## MATERIAL PROVIDED:

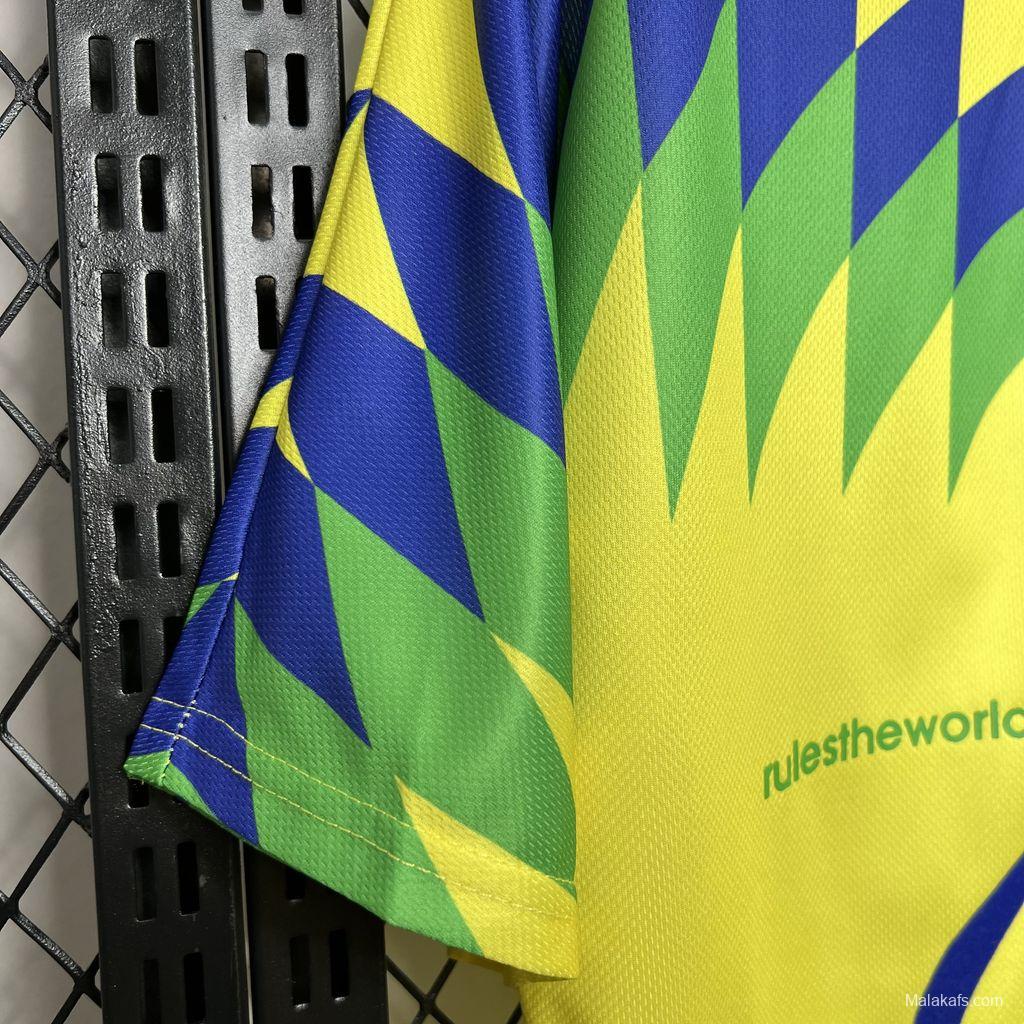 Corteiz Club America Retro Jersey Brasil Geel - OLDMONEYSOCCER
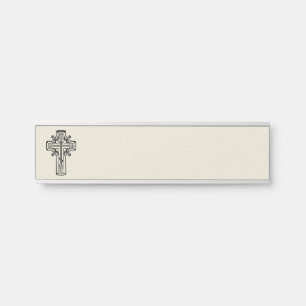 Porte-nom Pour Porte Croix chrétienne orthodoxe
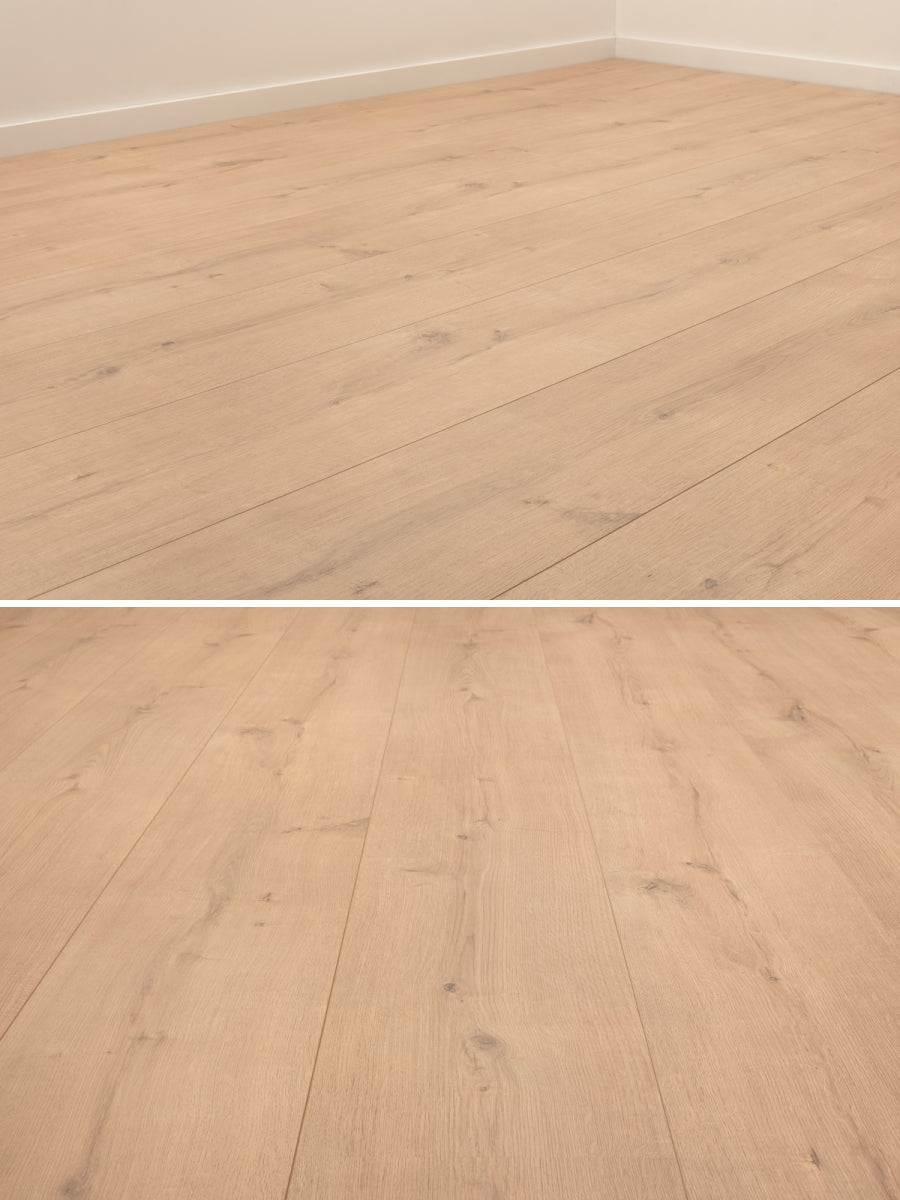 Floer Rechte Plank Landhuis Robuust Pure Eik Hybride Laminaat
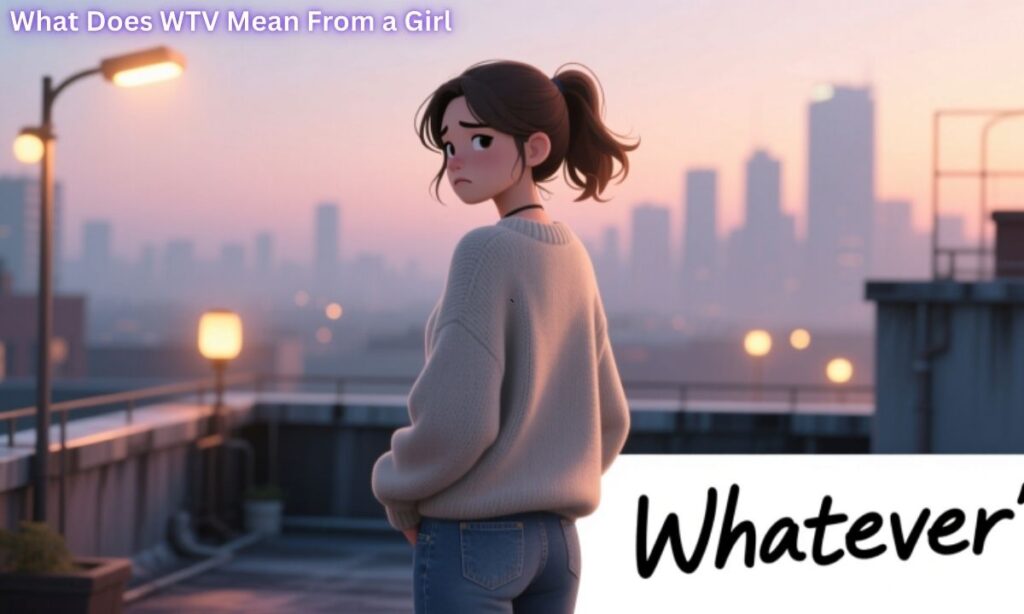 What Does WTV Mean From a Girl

## AIM OF THE EXERCISE:
Set down the line containing "Floer Rechte Plank", then every later line through the end of the material, exactly as written; omit any picture.

## ANSWER BELOW:
 Floer Rechte Plank Landhuis Robuust Pure Eik Hybride Laminaat
 What Does WTV Mean From a Girl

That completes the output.